EXERCISE INPUTS Start Marker

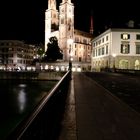 Grossmünster Zürich by Night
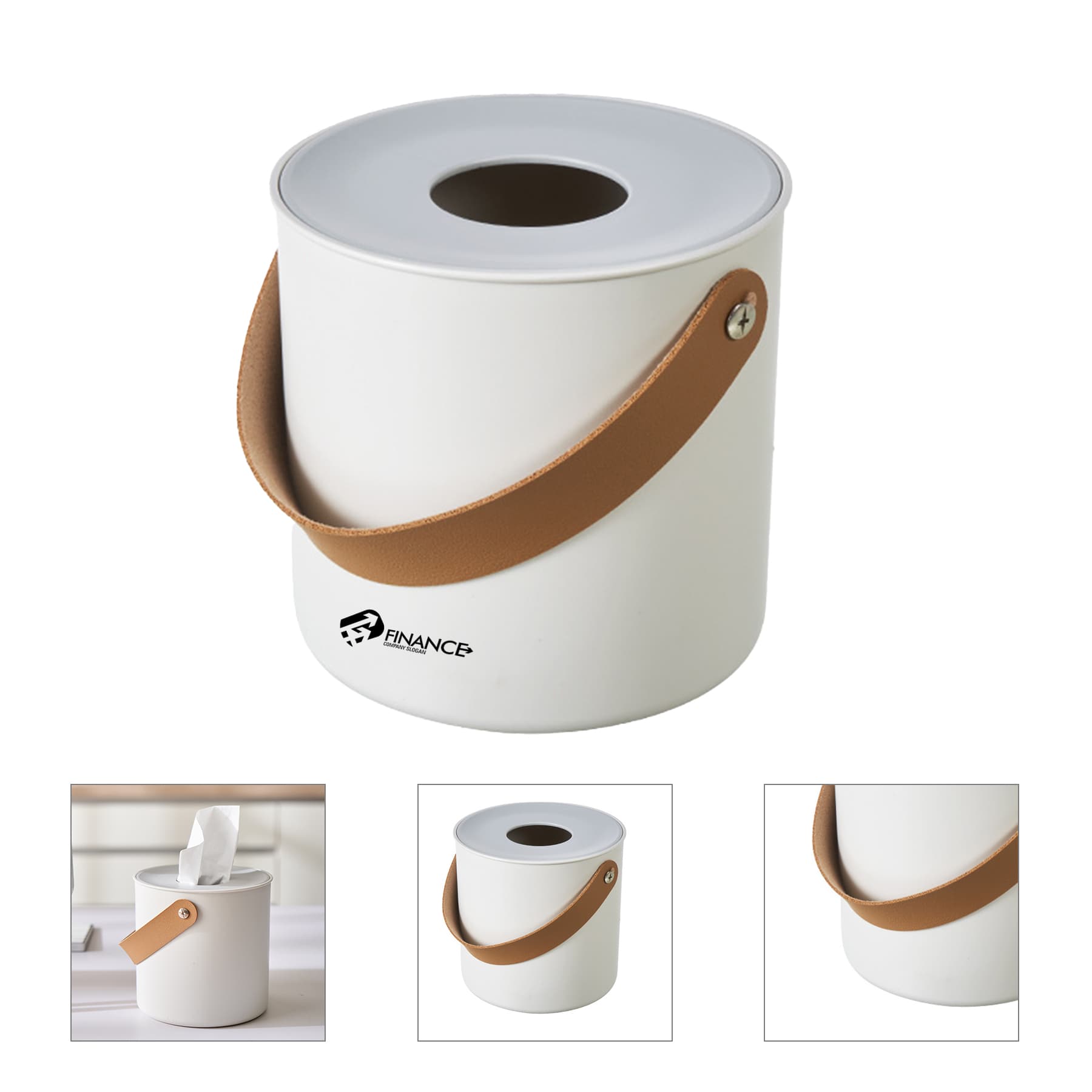 Round Tissue Box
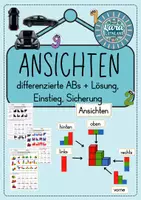 Vorschau - Arbeitsblätter - Ansichten Material - Deckblatt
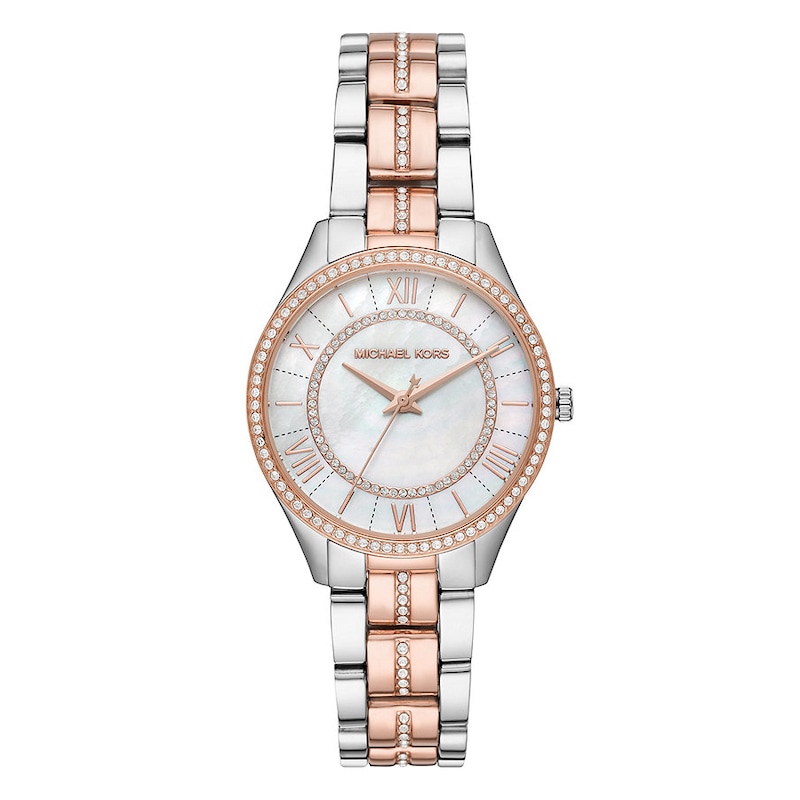 Main Image 1 of Michael Kors Lauryn Ladies' Two Tone Stainless Steel Watch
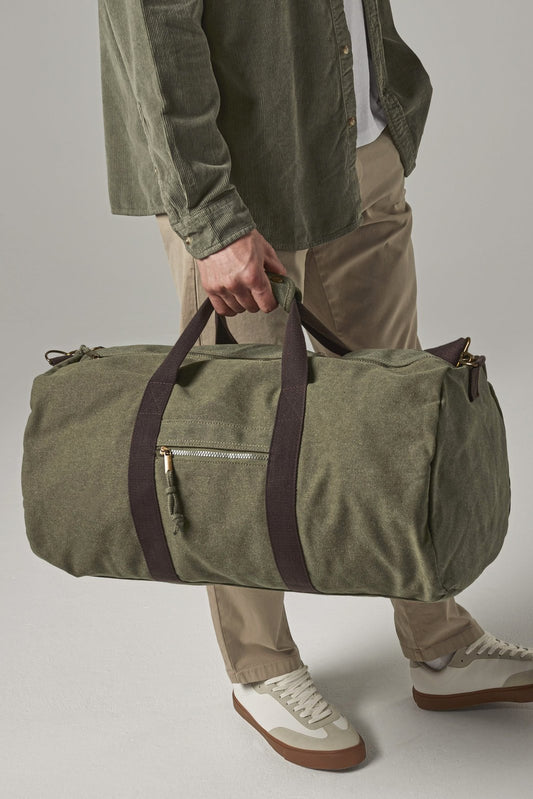 Quadra Vintage Canvas Holdall
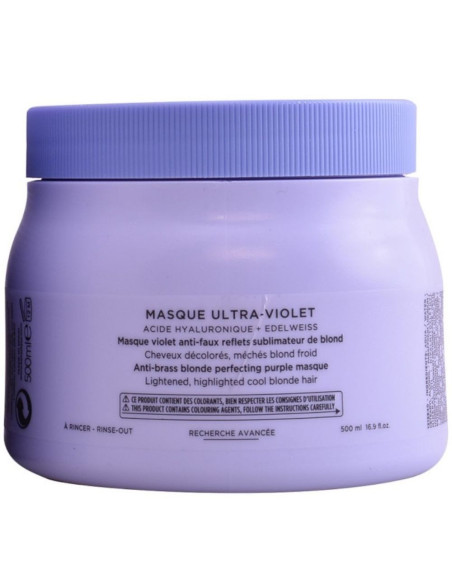 Máscara Violeta Kerastase Blond Absolu Ultra Violet 500 ml
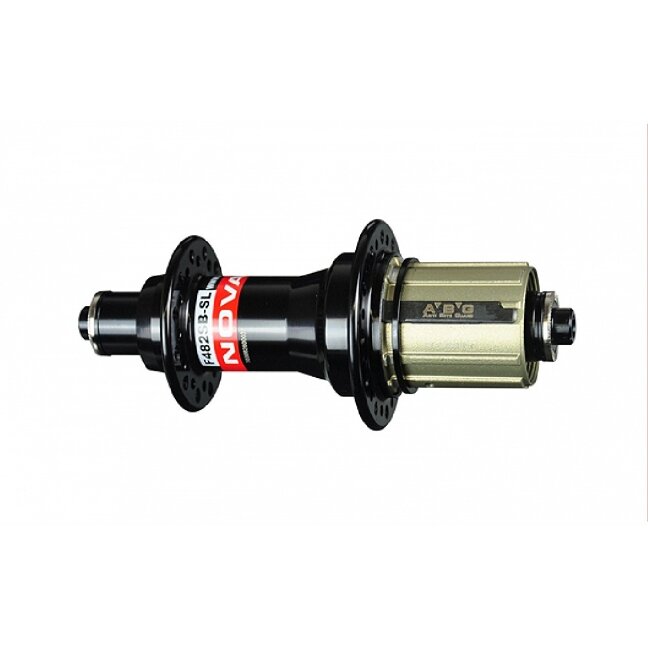 Rear hub Novatec F482SB-SL 10 x 130 mm QR, 24H Rear hub Novatec F482SB-SL 10 x 130 mm QR, 24H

EXERCISE INPUTS End Marker

§ WORK TASK:
Pictures stay out. Repeat only the lines from the beginning of the data through the line that has "Máscara Violeta Kerastase".

§ RESULT OF THIS EXERCISE:
 Grossmünster Zürich by Night
 Round Tissue Box
 Vorschau - Arbeitsblätter - Ansichten Material - Deckblatt
 Main Image 1 of Michael Kors Lauryn Ladies' Two Tone Stainless Steel Watch
 Quadra Vintage Canvas Holdall
 Máscara Violeta Kerastase Blond Absolu Ultra Violet 500 ml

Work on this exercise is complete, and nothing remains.